Segment Start: Stored data

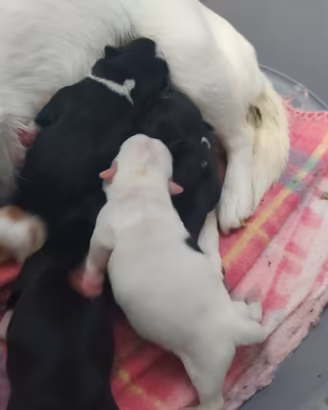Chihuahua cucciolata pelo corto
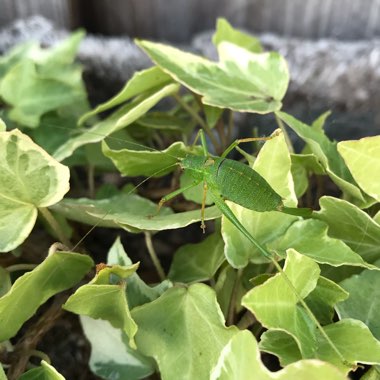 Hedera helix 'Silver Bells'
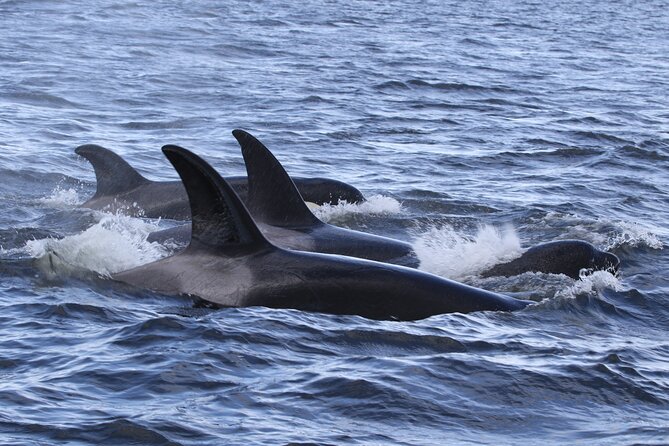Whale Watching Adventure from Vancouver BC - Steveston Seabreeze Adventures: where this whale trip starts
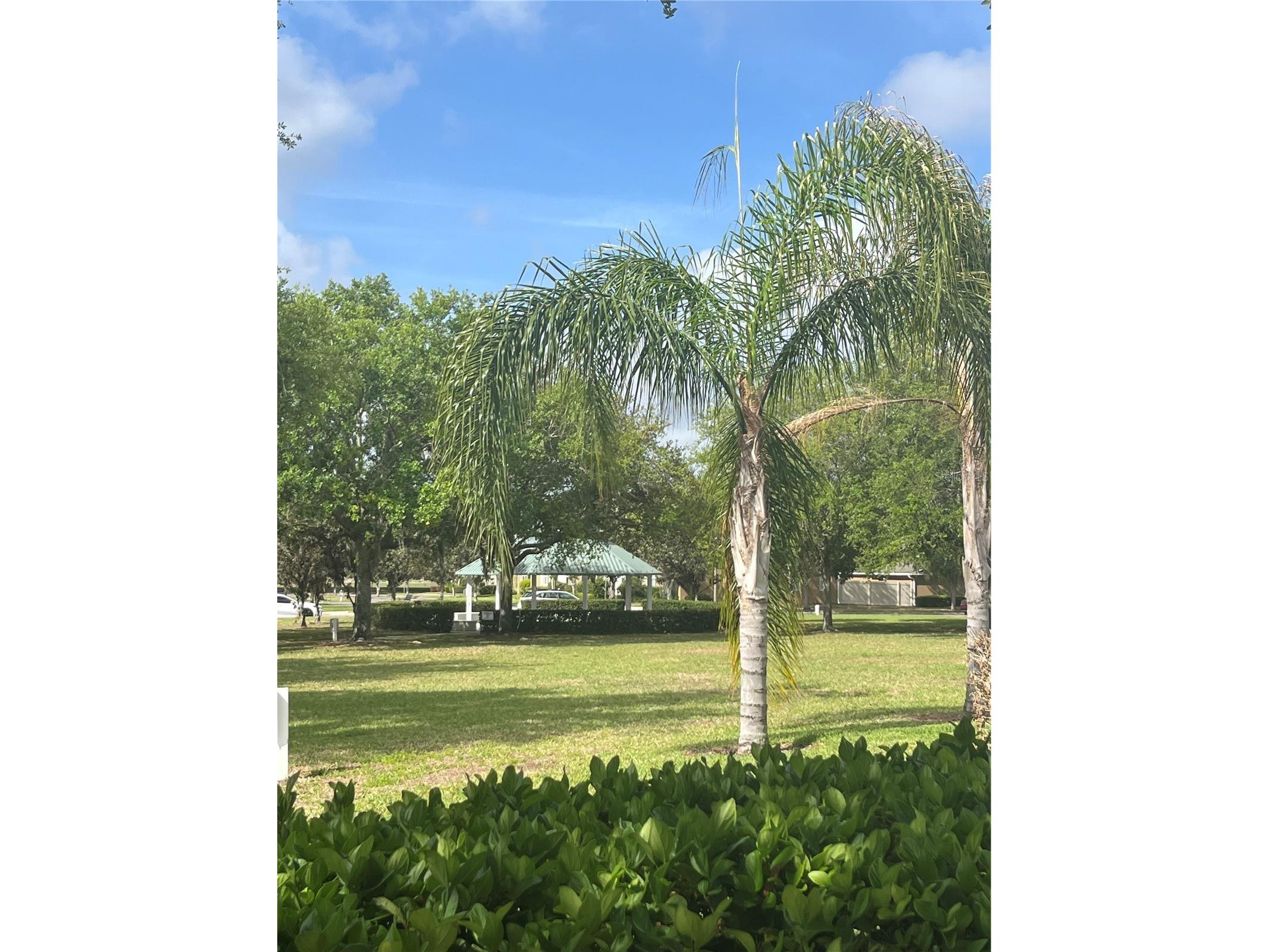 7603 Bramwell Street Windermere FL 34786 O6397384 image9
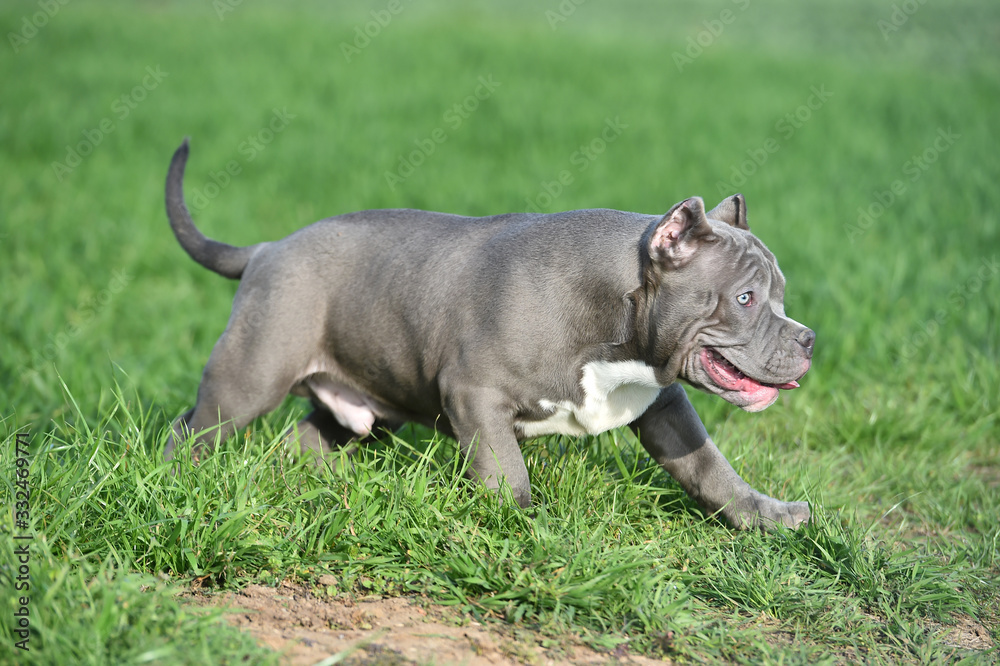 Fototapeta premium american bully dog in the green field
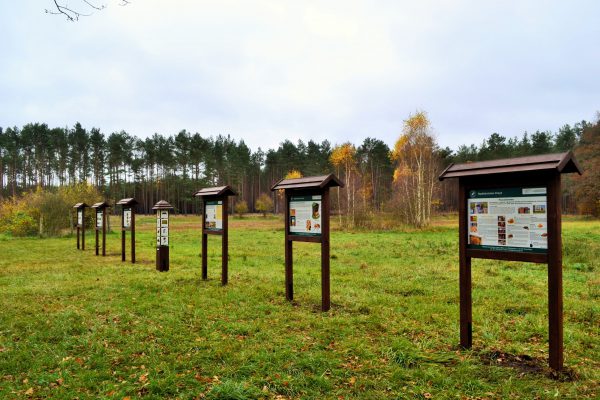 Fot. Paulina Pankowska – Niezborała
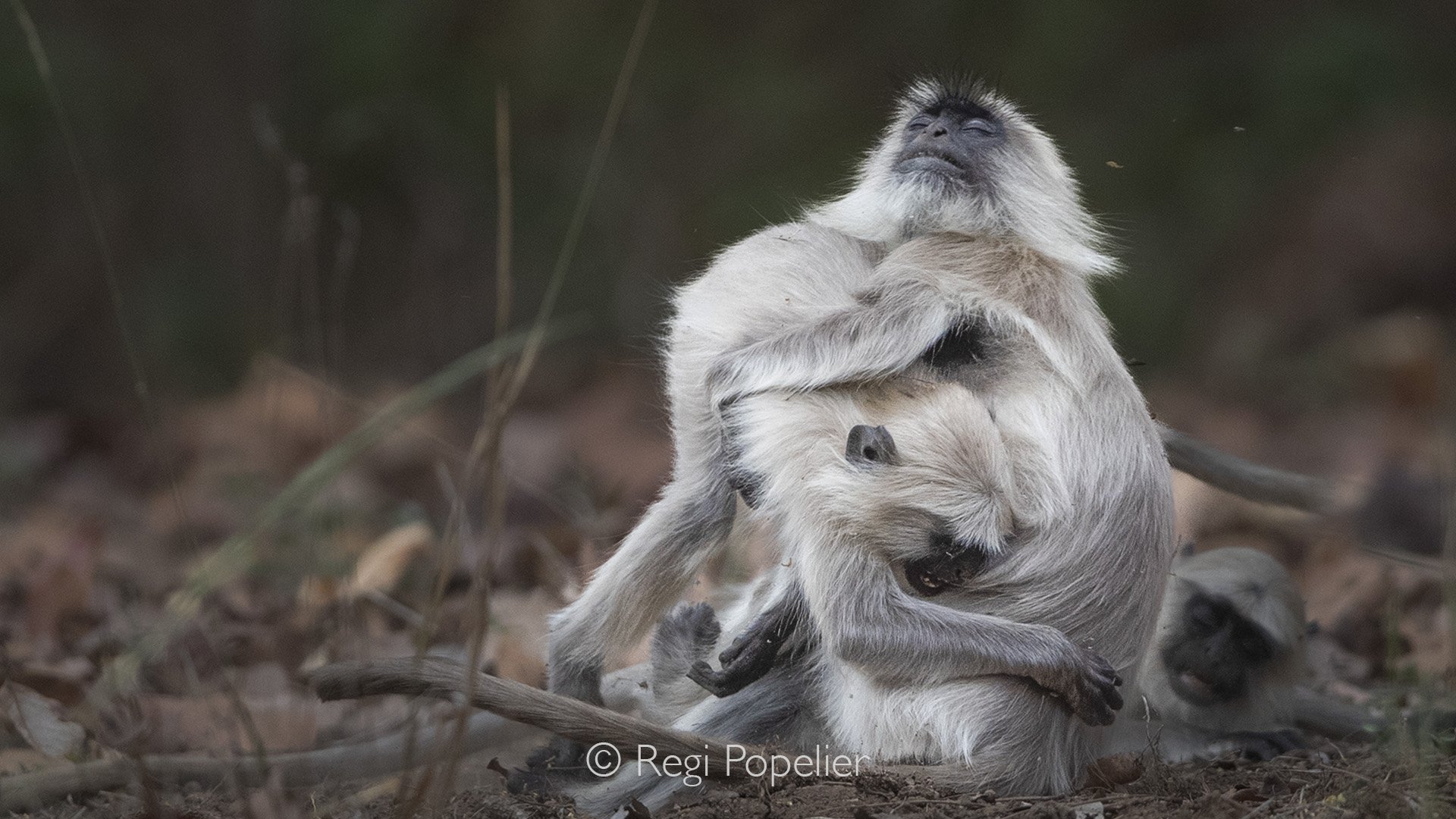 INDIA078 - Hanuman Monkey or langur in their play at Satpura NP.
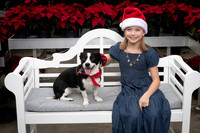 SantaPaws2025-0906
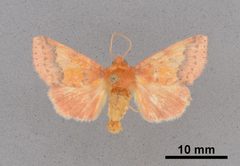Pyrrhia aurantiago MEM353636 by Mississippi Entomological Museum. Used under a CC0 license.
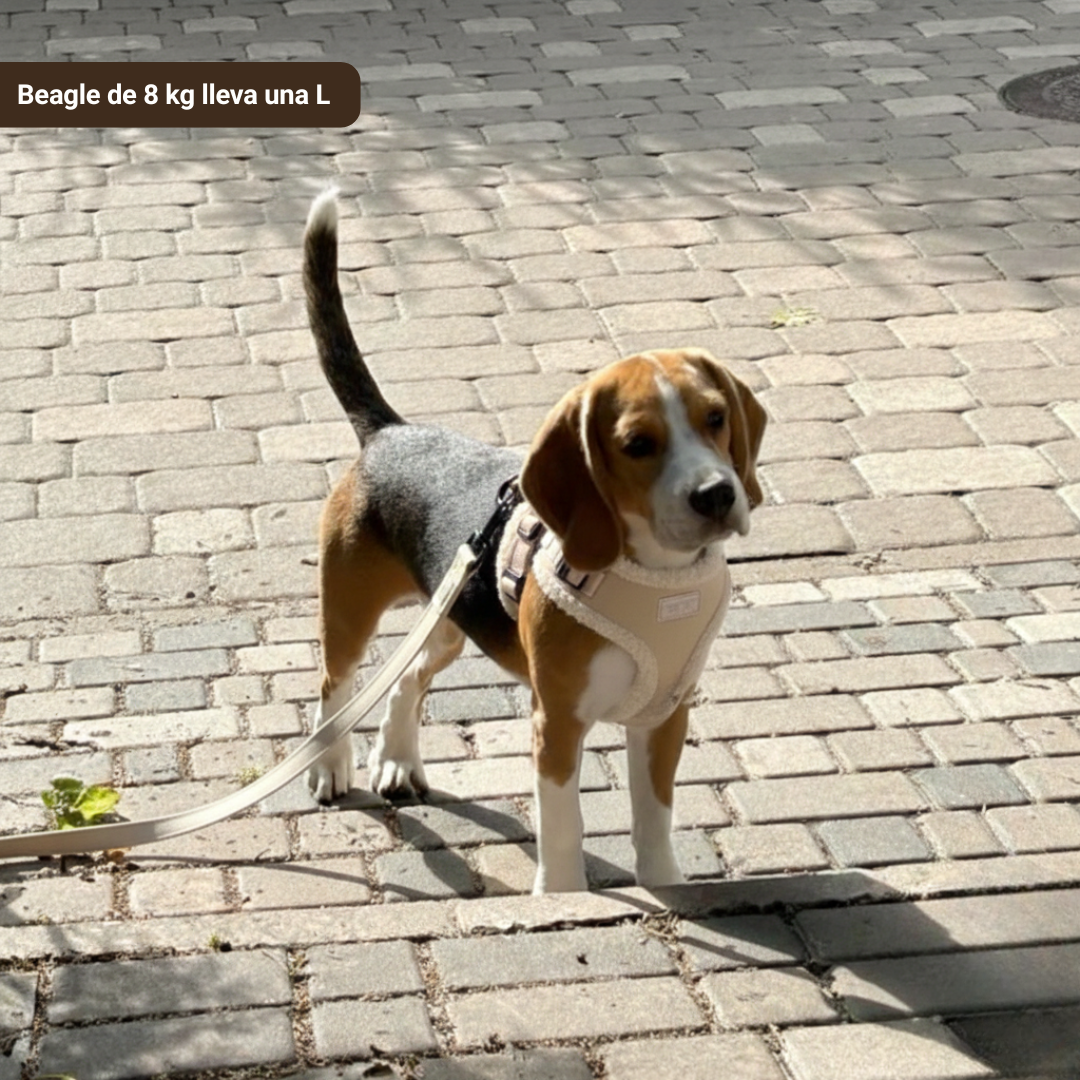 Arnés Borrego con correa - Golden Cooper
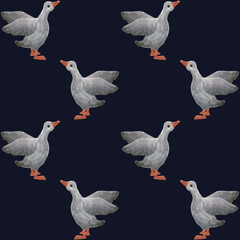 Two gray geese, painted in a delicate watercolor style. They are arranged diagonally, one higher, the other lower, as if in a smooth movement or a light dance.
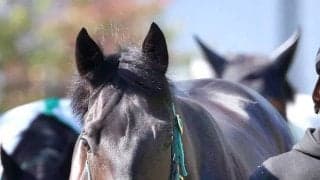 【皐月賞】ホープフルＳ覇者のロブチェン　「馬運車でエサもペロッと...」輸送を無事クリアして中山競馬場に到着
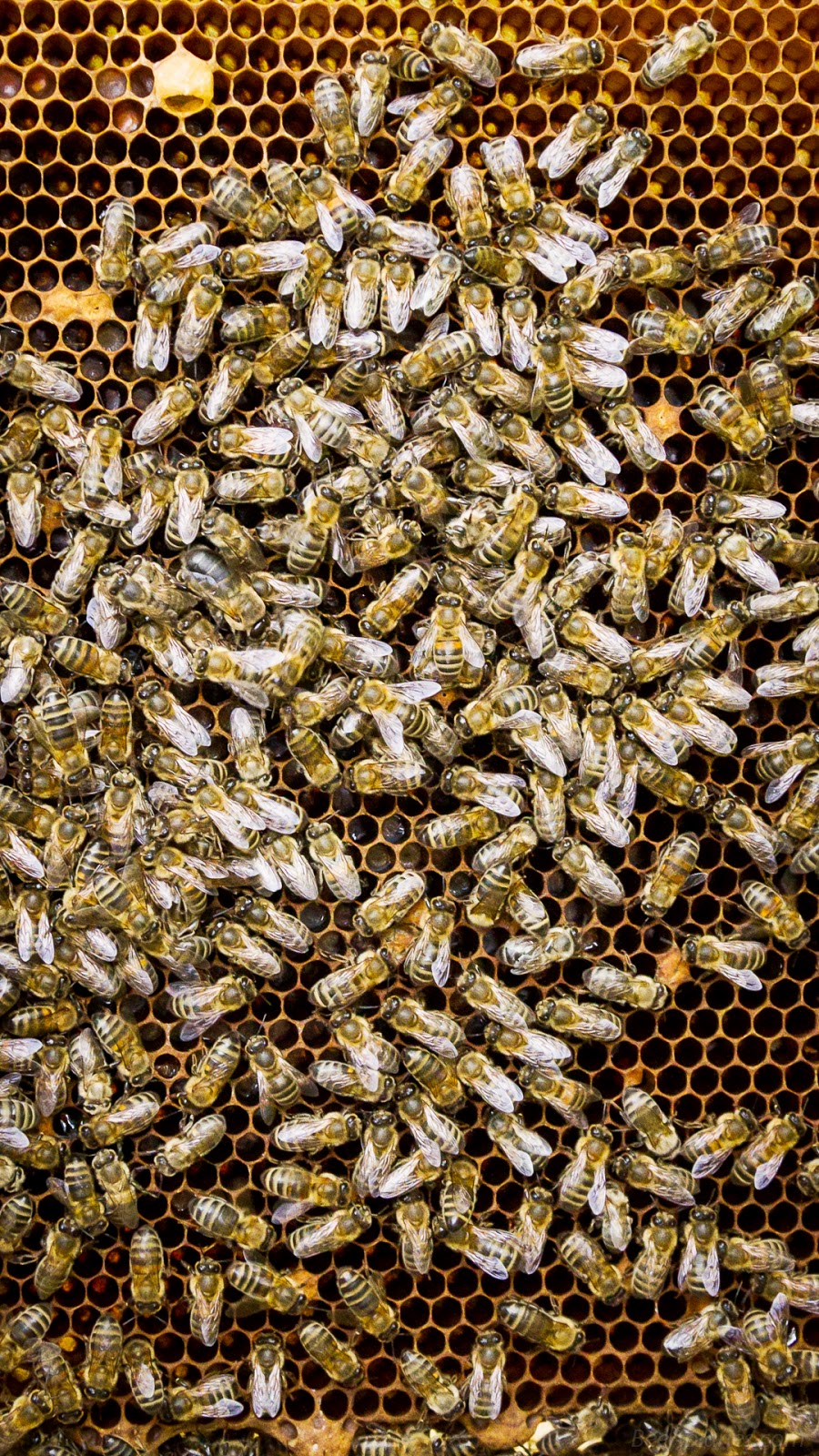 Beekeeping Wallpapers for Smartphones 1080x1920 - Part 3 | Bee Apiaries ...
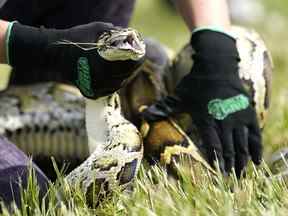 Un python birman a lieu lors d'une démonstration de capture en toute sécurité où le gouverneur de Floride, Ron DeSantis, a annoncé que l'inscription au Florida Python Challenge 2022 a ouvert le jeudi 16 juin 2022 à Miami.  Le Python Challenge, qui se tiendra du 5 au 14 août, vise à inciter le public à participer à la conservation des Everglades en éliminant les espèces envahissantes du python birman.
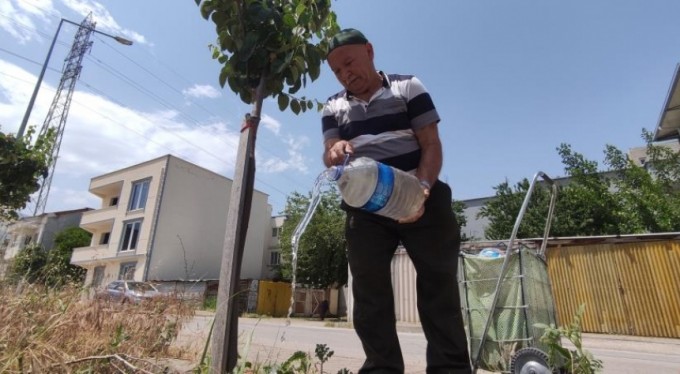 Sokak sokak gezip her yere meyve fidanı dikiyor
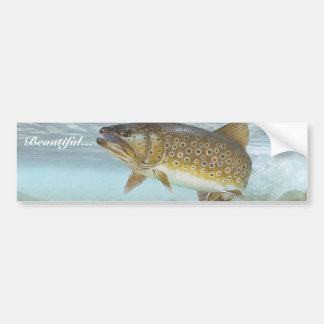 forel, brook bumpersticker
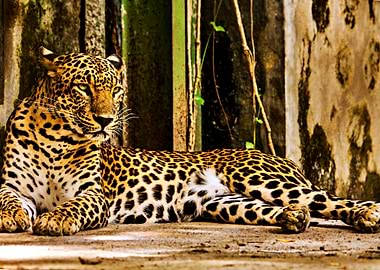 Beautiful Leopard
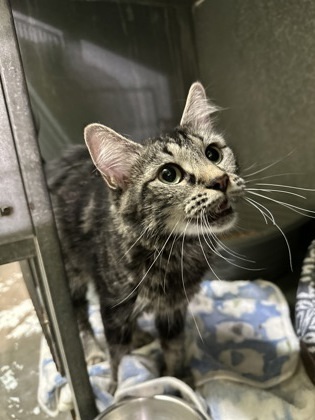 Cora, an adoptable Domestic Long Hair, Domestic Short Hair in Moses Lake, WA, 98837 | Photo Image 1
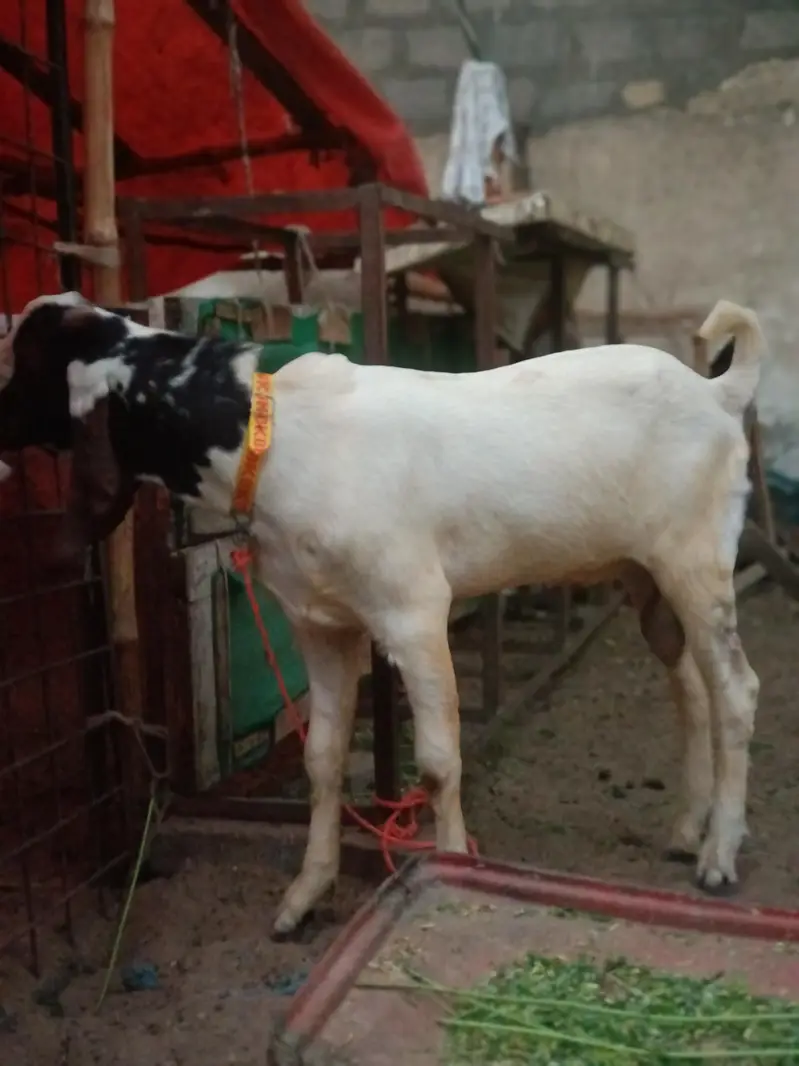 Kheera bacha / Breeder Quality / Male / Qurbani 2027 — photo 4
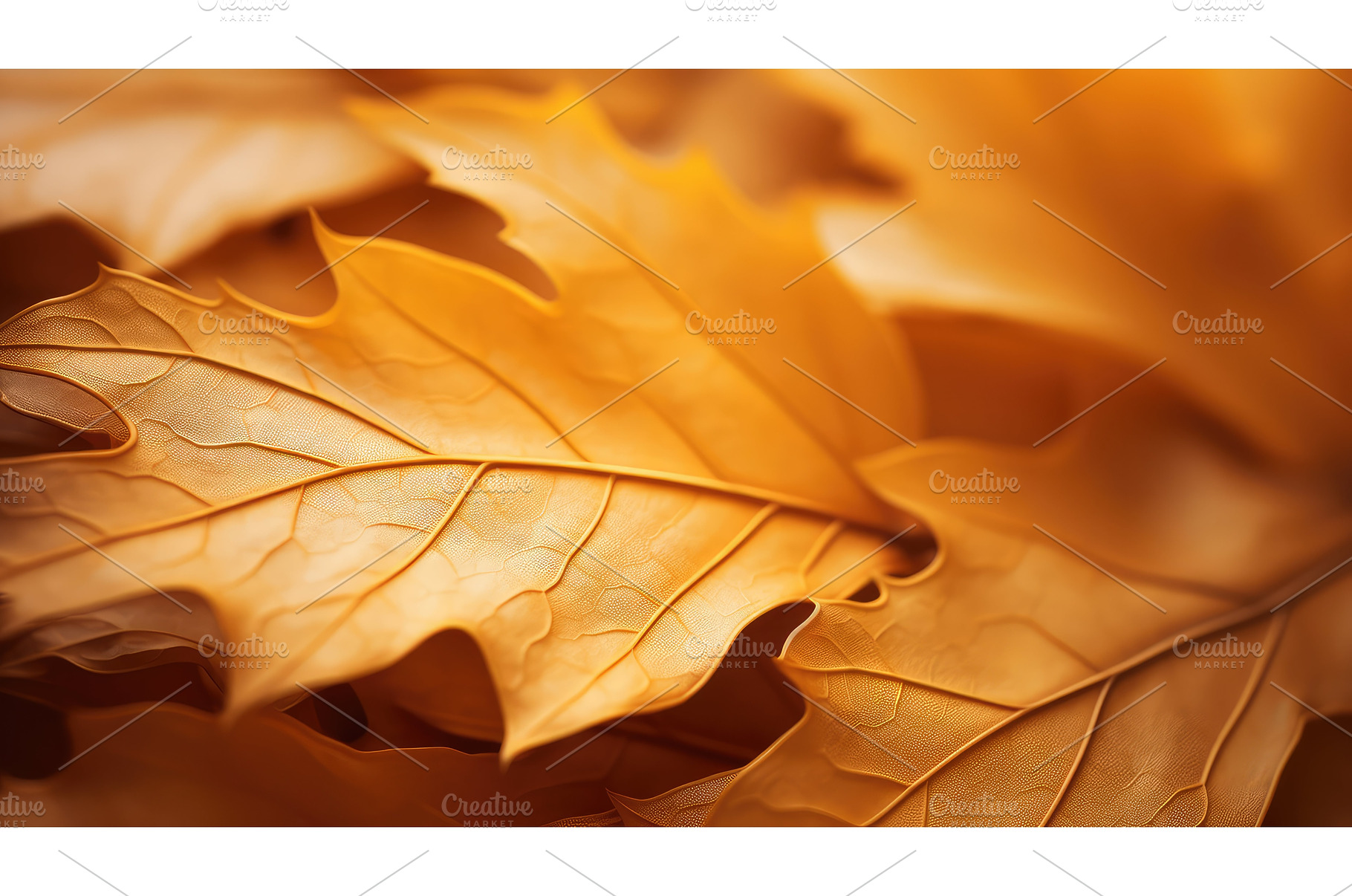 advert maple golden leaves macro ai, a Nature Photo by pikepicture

Segment End: Stored data

Among the entries above, locate the line with "Fototapeta premium american" and the line with "Arnés Borrego con correa - Golden Cooper". Give those two lines and all lines between them again, exactly, leaving out the pictures.

 Fototapeta premium american bully dog in the green field
 Fot. Paulina Pankowska – Niezborała
 INDIA078 - Hanuman Monkey or langur in their play at Satpura NP.
 SantaPaws2025-0906
Pyrrhia aurantiago MEM353636 by Mississippi Entomological Museum. Used under a CC0 license.
 Arnés Borrego con correa - Golden Cooper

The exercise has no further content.